We had hoped that when we attacked Iraq and left Iran in business, this would be the agreement: they could sell the Persian rugs while we handle the regional statesmanship. Instead the vaporings of Ahmadinejad on all matters great and small echo bizarrely through the bazaar.

Still, it doesn’t do to acknowledge his blithering blather. King Solomon wrote (Proverbs 26:4,5): “Don’t answer a fool according to his folly, lest you also be like him. Answer a fool according to his folly, lest he be wise in his own eyes.” The major commentators explain this to mean that you need to make a judgment. If the foolish argument is advanced in a hostile and thoughtless way, then don’t engage or you end up in a shouting match. If he advances it in an intellectual way, then you need to engage, so he does not walk away thinking that he won a debate. Clearly, Ahmadinejad, by that standard, should best be ignored.

But his most recent outburst, whether founded in the garrulous froth of madness or some Machiavellian manufacture of regional tension, is worth our analysis and response. Not because we need to engage him but because there is an absolutely fascinating historical lesson coupled with an exquisite irony, and it serves us well to see that they register.

For some time, he has been tarring Israel as an “illegitimate regime.” This has provided a handy new tag phrase for Arab and other agitators, and a quick Google search yields oceans of prose as stilted and purple as Barney the Dinosaur. (The Iranians are not Arabs but Persians. According to Biblical history and Jewish tradition, the Persians stem from Japheth, the third son of Noah, while the Arabs descend from Ishmael, son of Abraham, whose line originates with Shem, first son of Noah.) Several days ago, he added a new wrinkle: Israel is an arbitrary transplant from another continent in contravention of two thousand years of Middle East history.

Well, the Talmud says: “People who insult others use their own flaws for insults.” All of us have, at one time or another, been called ignorant by the ignorant and selfish by the selfish. Well, how about this for a classic example of that phenomenon? Ahmadinejad is casting aspersions on a regime for being out of synch with the past two millennia. Okay, let’s have a look at his own little operation.

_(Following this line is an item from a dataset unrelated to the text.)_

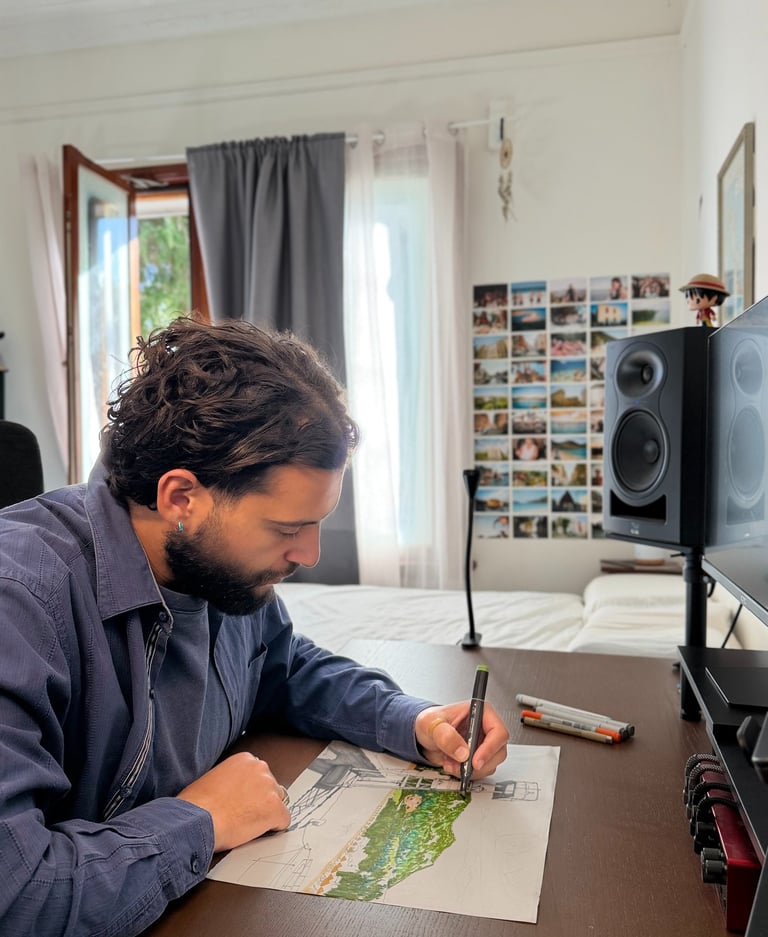 A creative artist sketching a colorful architectural landscape with markers at a studio desk.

In 1979, his band of Islamic thugs deposed the last Shah, Reza Pahlavi. Shah was the Persian word for monarch, related to such historic titles as Caesar, Czar and Kaiser. (In the guttural Farsi enunciation, it comes out sounding like Shvah, which explains the Talmudic pun of referring to it as Shavur, meaning ‘broken’ in Hebrew.) The startling thing about this particular kingdom is that it enjoyed the longest consecutive reign in the recorded saga of mankind. Although their power was somewhat eclipsed by the suzerainty of the Ottomans, then the British, it is essentially correct to say that they ruled uninterrupted for 2500 years.

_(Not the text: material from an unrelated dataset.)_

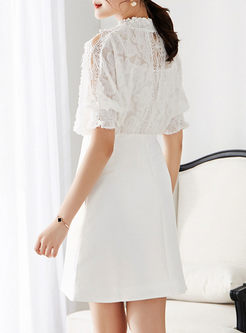 White Batwing Sleeve Hollow Out False Two-piece Dress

To review: first they were local. They built strength, made a power sharing deal with the Medes, and conquered Babylon (Iraq) about 150 years later. Since Babylon had destroyed the first Temple of Israel, the fate of the Jews was now under Persian control. King Cyrus of Persia gave permission to begin construction on the second Temple. The building was completed under King Darius, and most of the Jews moved back to Israel.

About a century later, the Greeks defeated Persia and stripped its holdings. Then came the Romans, who eventually demolished the second Temple. From that point forward, until the State of Israel emerged 1880 years later, the Jews never again had significant autonomy in their homeland.

So whose claim is weaker? Who is guiltier of spurning history? The Jews who reinstated the government that they lost long ago, but who made sure to rebuild it in ways that reflected the rhythms of the contemporary era? Or the Khomeini clones who tore down the last true monument to ancient civilization and who undid the modernity that that strikingly adaptable kingdom had embraced? Ahmadinejad and his gang managed to wipe out a great legacy and take their people back to the Dark Ages in one paradoxical maneuver.